Advanced Analytical Techniques to Determine Antioxidant Potential
Bond dissociation energy and ionization potential are two major factors that determine the mechanism and the efficiency of antioxidants (Karadag et al., 2009). Thus, hydrogen atom transfer (HAT) and electron transfer (ET) reactions are the chemical principles of most widely employed antioxidant activity assays. Furthermore, antioxidant activity analyses can be also classified into redox potential and reactive species scavenging assays. In this context, a great number of simple spectrophotometric tests have been developed. The most commonly applied are 1,1-diphenyl-2-picryl-hydrazyl (DPPH) assay, ferric reducing/antioxidant power (FRAP), ABTS radical cation decolorization, oxygen radical absorbance capacity (ORAC), phosphomolybdenum, cupric ion reducing antioxidant capacity (CUPRAC) and superoxide radical scavenging activity. Due to great importance of antioxidants for human health, a panel of methods to determine the antioxidant activity of fresh produce in biological systems has been also applied, such as inhibition of LDL-cholesterol and of DNA oxidation as well as DNA nicking, haemolysis inhibition and cellular antioxidant capacity (Shahidi and Zhong, 2015).
Taking into consideration that fruit and vegetables are complex mixtures of natural antioxidants, many analytical techniques has been developed to assess their antioxidant activity. In particular, spectroscopy, and electrochemistry are widely used for the determination of antioxidant activity of horticultural produce. Further, flow injection analysis (FIA), optical sensors and high resolution screenings (HRS) allow the rapid estimation of antioxidant activity; whereas chemometrics predict the antioxidant activity extracting data from classical analytical chemistry. All these approaches pursue to reduce time of analysis and the use of harmful reagents and to automate the determinations. The main drawback of these methods as for simple colorimetric assays is the need to prepare extracts in order to measure antioxidant activity. Table 2 summarizes the aforementioned analytical methods, providing their application potential for the determination of antioxidant activity in fresh produce.
Table 2. A brief overview of analytical methods for the determination of antioxidant activity in fresh produce.
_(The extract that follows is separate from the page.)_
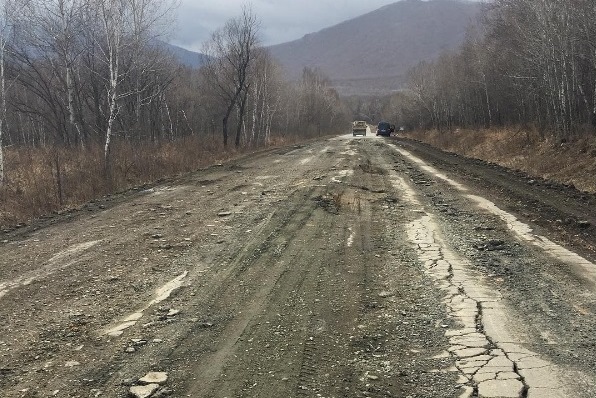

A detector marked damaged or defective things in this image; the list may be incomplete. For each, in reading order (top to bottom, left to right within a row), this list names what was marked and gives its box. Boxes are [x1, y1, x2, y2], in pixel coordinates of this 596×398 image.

damaged dirt road [1, 134, 596, 398]
cracked asphalt [1, 134, 596, 398]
Infrared (IR) Spectroscopy
Infrared (IR) spectroscopy is widely used for analysis, quality control and authentication in food research and industry. In general, it is a fast, accurate, easy and non-destructive technique that can potentially replace the classical chemical analyses. For quantitative purposes, a reliable calibration model needs to be developed (Zhang et al., 2004), followed by a partial least-squares regression calculations to predict the antioxidant activity of a given plant material; while the use of multiple linear regression, artificial neural network, and least squares support vector machine can be also applied (Lu and Rasco, 2012; Wu et al., 2012). Regarding band assignments in the IR region of spectra, hydroxyl and phenolic functional groups were most closely correlated with antioxidant capacity. Further, a close correlation exists between IR estimated values and in vitro assays, such as DPPH, FRAP, ABTS, and ORAC that has been applied to predict antioxidant activity in fruit (Lam et al., 2015), onion, shallot, garlic (Lu et al., 2011a,b) and medicinal plants (Bunaciu et al., 2012).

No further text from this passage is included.